ABOUT THIS TASK:
Copy each line below word for word and drop every image.

GIVEN INFORMATION:
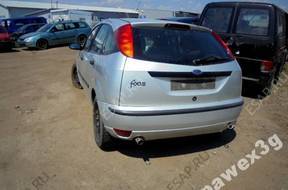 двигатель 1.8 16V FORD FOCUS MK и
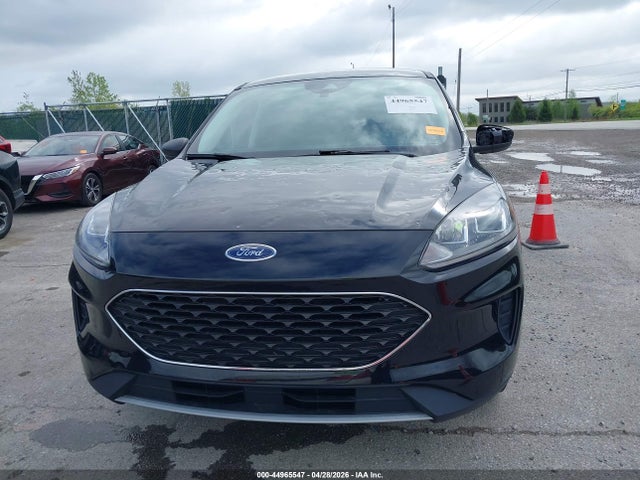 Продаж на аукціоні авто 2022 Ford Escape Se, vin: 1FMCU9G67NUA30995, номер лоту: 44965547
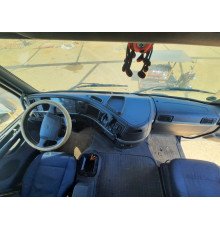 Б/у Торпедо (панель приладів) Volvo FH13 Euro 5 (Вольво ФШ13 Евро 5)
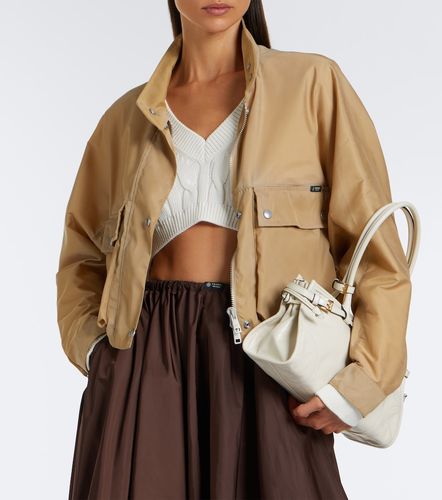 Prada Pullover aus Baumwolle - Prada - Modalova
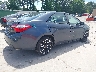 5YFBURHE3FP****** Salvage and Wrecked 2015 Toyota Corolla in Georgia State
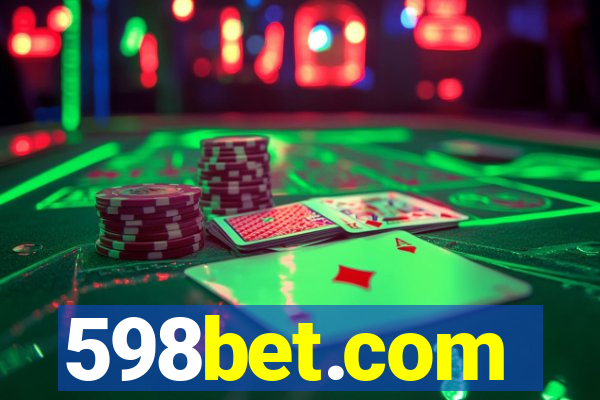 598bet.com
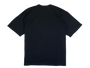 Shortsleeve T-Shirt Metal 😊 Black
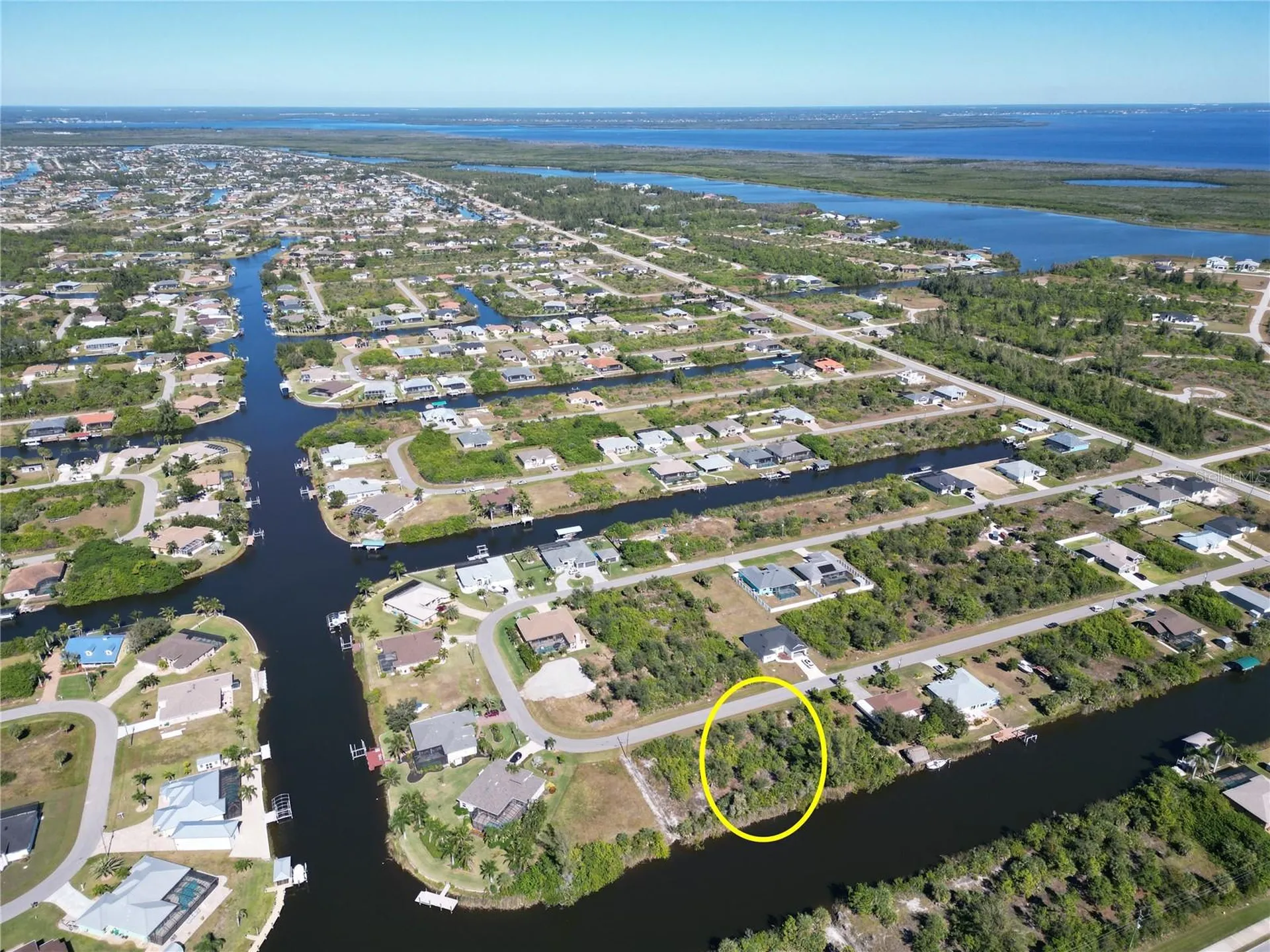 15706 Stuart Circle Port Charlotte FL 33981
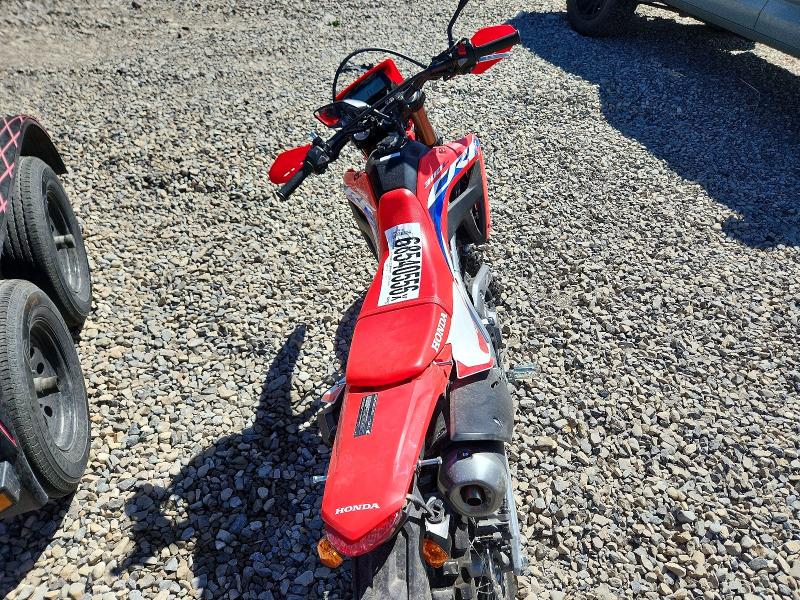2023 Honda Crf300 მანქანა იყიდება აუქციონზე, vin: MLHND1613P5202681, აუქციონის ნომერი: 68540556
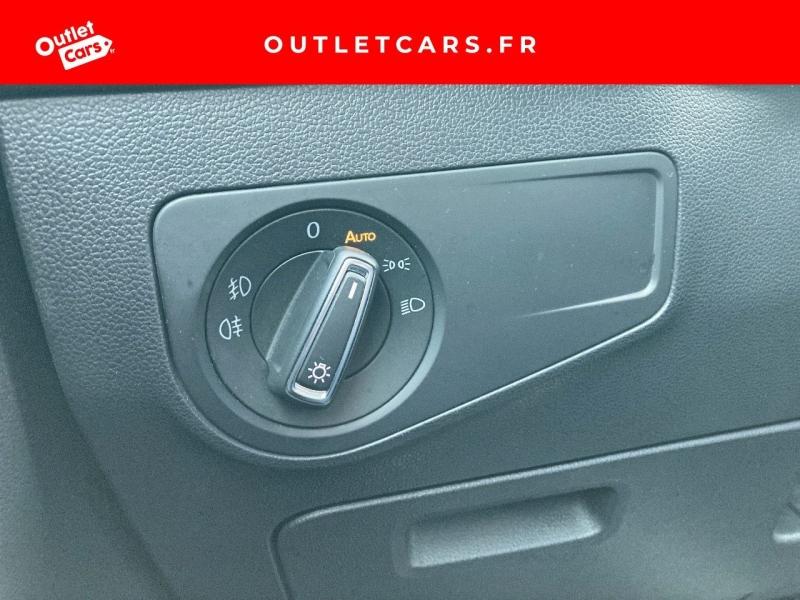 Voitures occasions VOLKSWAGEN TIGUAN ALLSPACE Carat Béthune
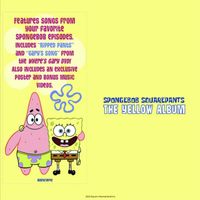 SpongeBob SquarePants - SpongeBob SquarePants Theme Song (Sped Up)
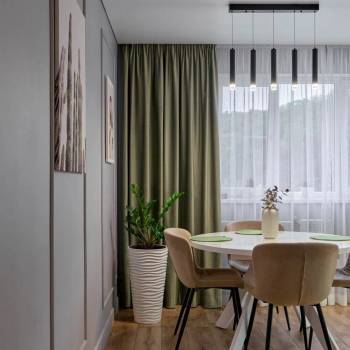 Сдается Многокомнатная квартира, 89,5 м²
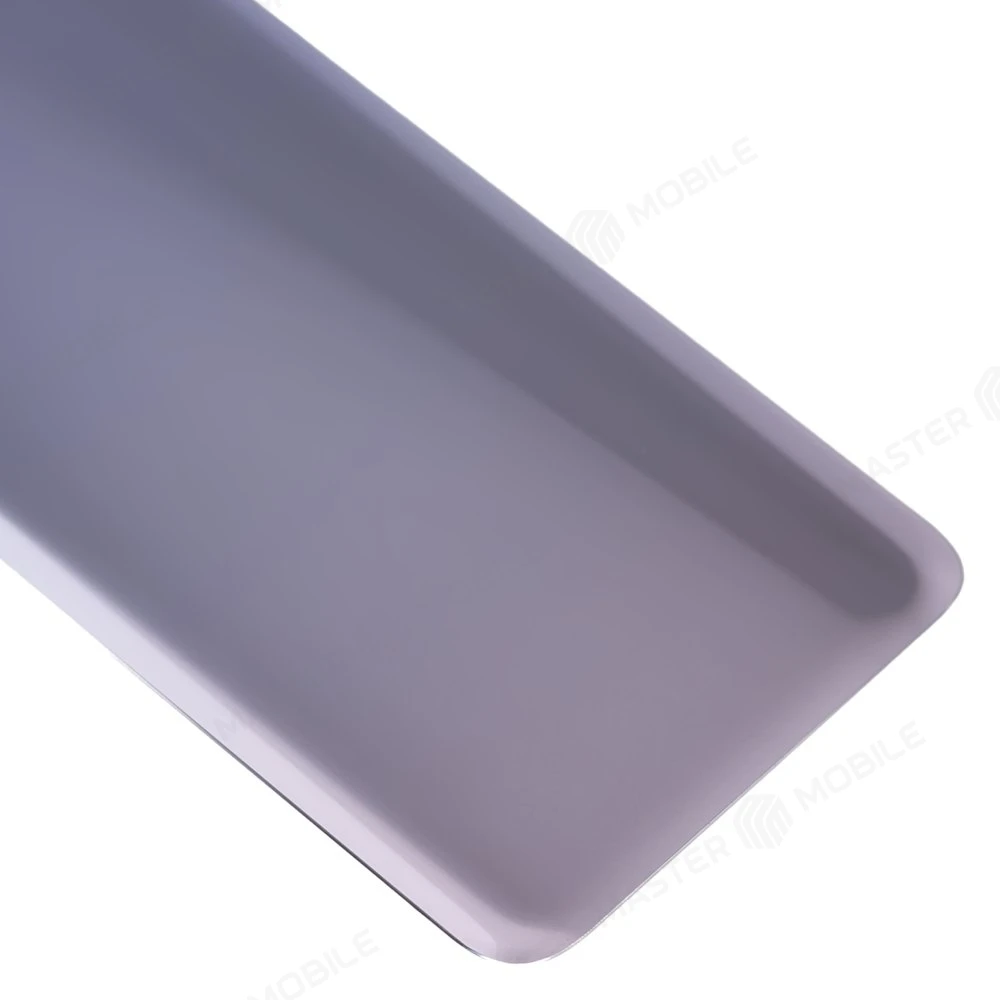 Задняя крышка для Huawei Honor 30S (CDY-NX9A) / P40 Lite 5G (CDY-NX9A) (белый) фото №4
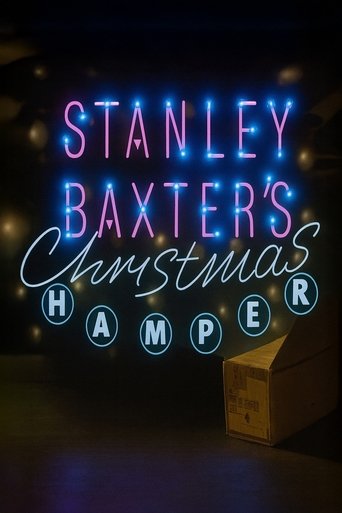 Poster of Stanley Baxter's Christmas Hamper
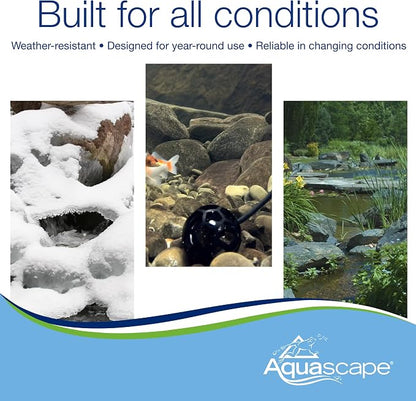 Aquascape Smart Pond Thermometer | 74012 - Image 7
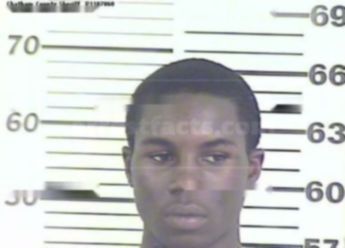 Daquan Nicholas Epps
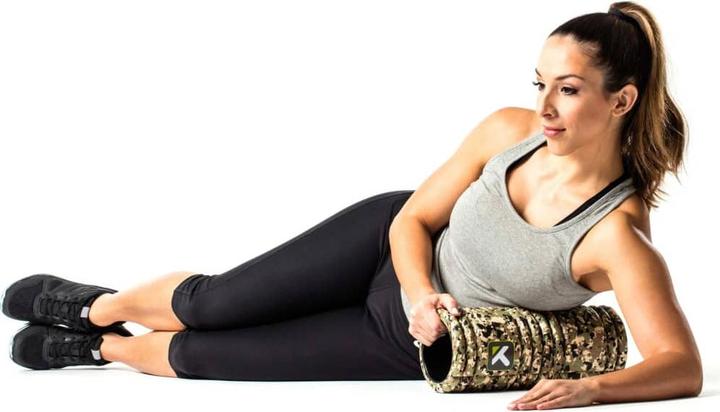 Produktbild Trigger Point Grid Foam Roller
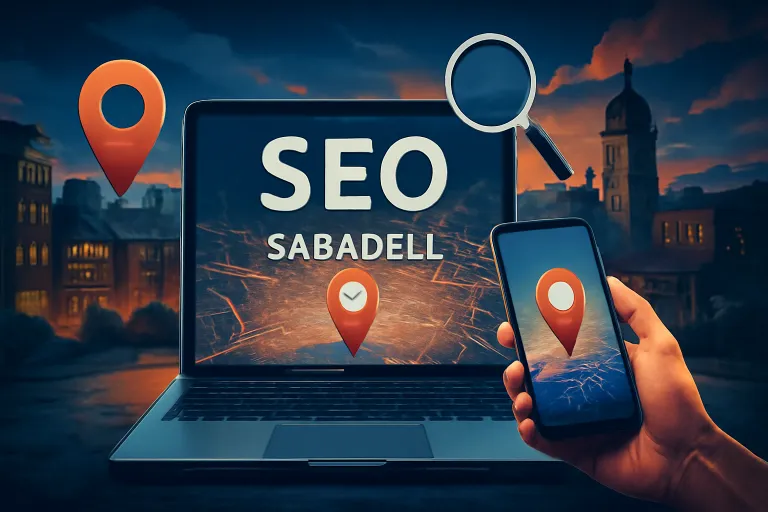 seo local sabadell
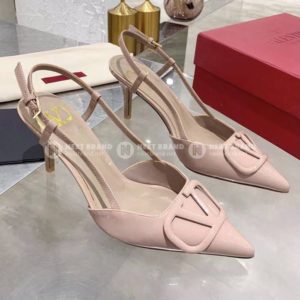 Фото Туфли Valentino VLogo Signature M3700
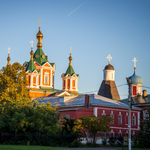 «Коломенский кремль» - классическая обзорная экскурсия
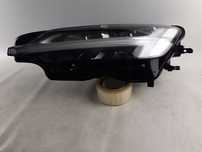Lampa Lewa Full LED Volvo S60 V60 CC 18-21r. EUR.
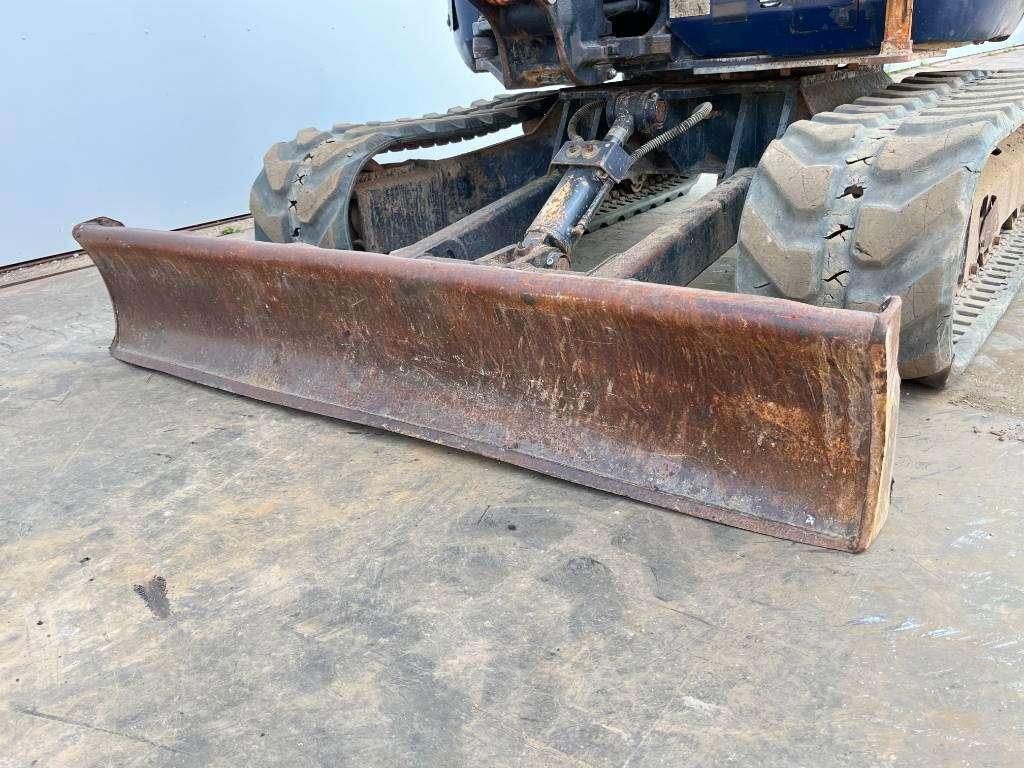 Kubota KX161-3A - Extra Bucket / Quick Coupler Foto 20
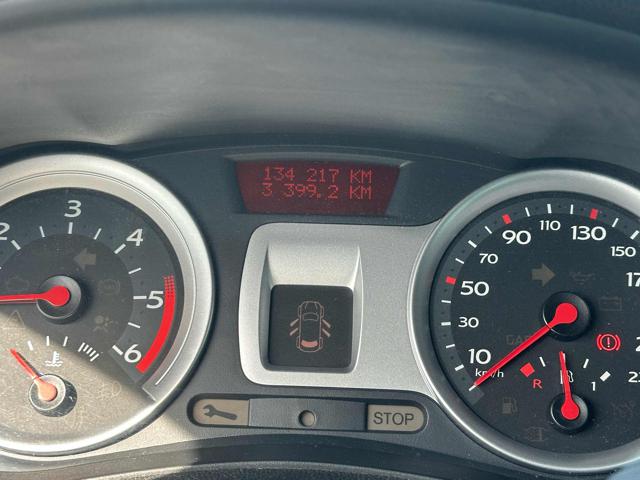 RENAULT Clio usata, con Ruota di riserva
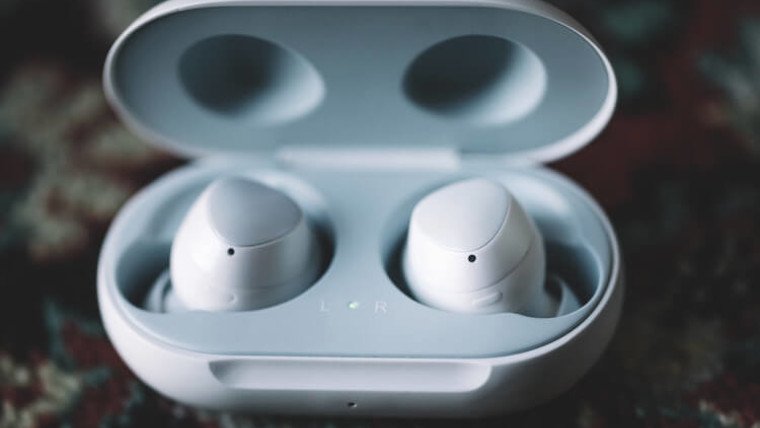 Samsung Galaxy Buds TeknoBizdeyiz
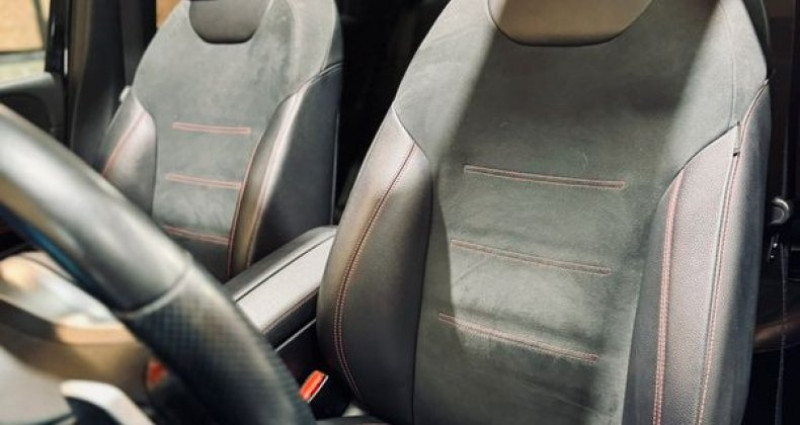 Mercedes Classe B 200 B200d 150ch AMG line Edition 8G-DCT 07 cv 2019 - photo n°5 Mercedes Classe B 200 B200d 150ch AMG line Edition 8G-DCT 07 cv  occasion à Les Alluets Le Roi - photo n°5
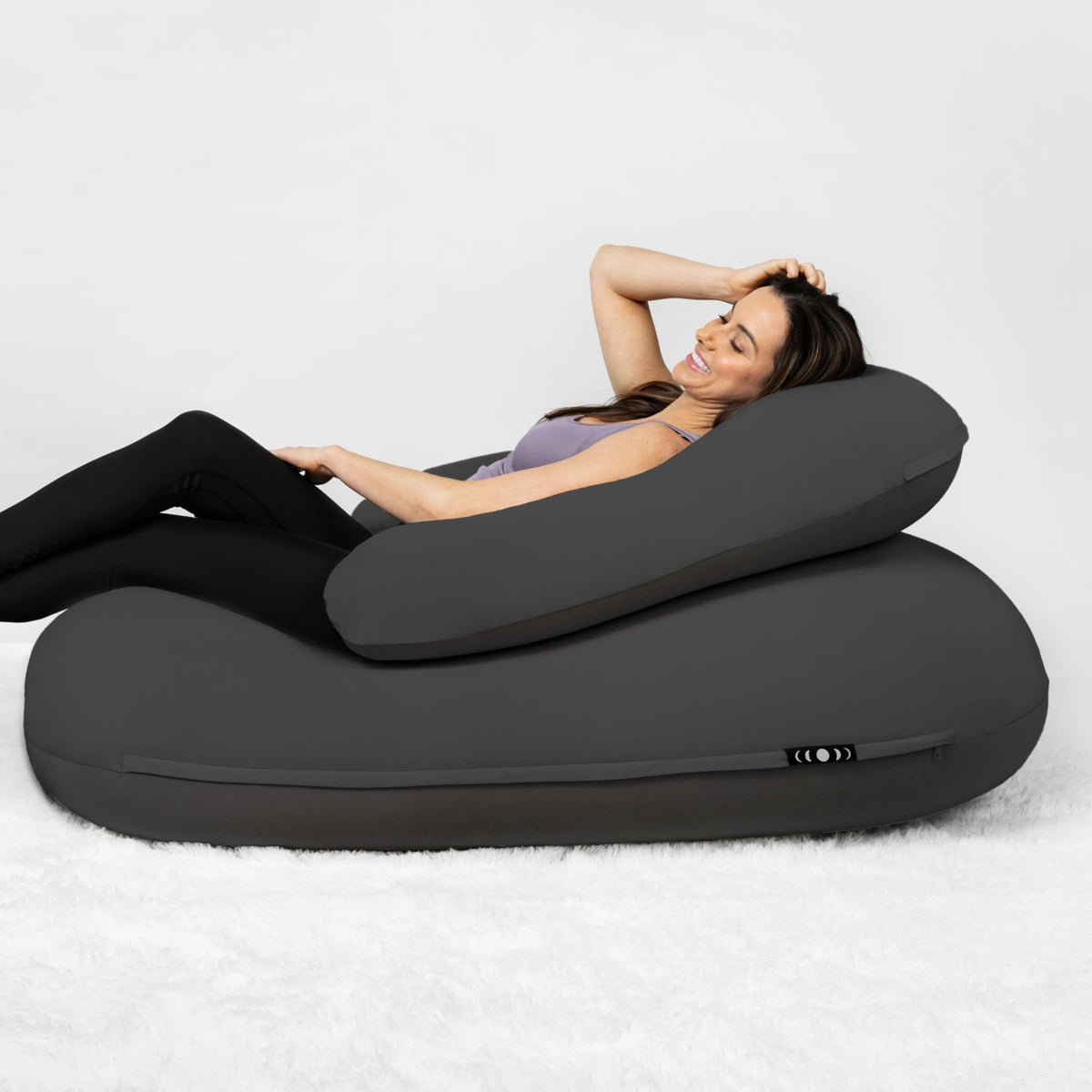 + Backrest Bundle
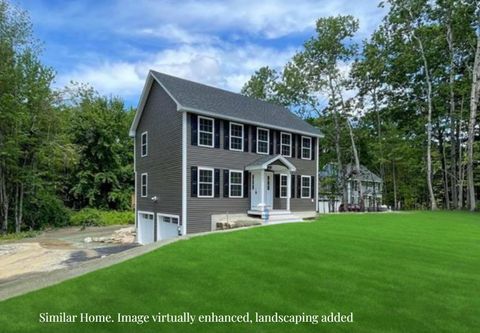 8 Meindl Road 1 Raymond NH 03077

ANSWER TO THIS PROBLEM:
 двигатель 1.8 16V FORD FOCUS MK и
 Продаж на аукціоні авто 2022 Ford Escape Se, vin: 1FMCU9G67NUA30995, номер лоту: 44965547
 Б/у Торпедо (панель приладів) Volvo FH13 Euro 5 (Вольво ФШ13 Евро 5)
 Prada Pullover aus Baumwolle - Prada - Modalova
 5YFBURHE3FP****** Salvage and Wrecked 2015 Toyota Corolla in Georgia State
 598bet.com
 Shortsleeve T-Shirt Metal 😊 Black
 15706 Stuart Circle Port Charlotte FL 33981
2023 Honda Crf300 მანქანა იყიდება აუქციონზე, vin: MLHND1613P5202681, აუქციონის ნომერი: 68540556
 Voitures occasions VOLKSWAGEN TIGUAN ALLSPACE Carat Béthune
 SpongeBob SquarePants - SpongeBob SquarePants Theme Song (Sped Up)
 Сдается Многокомнатная квартира, 89,5 м²
 Задняя крышка для Huawei Honor 30S (CDY-NX9A) / P40 Lite 5G (CDY-NX9A) (белый) фото №4
 Poster of Stanley Baxter's Christmas Hamper
 Aquascape Smart Pond Thermometer | 74012 - Image 7
 Daquan Nicholas Epps
 Produktbild Trigger Point Grid Foam Roller
 seo local sabadell
 Фото Туфли Valentino VLogo Signature M3700
 «Коломенский кремль» - классическая обзорная экскурсия
Lampa Lewa Full LED Volvo S60 V60 CC 18-21r. EUR.
 Kubota KX161-3A - Extra Bucket / Quick Coupler Foto 20
 RENAULT Clio usata, con Ruota di riserva
 Samsung Galaxy Buds TeknoBizdeyiz
 Mercedes Classe B 200 B200d 150ch AMG line Edition 8G-DCT 07 cv 2019 - photo n°5 Mercedes Classe B 200 B200d 150ch AMG line Edition 8G-DCT 07 cv  occasion à Les Alluets Le Roi - photo n°5
 + Backrest Bundle
 8 Meindl Road 1 Raymond NH 03077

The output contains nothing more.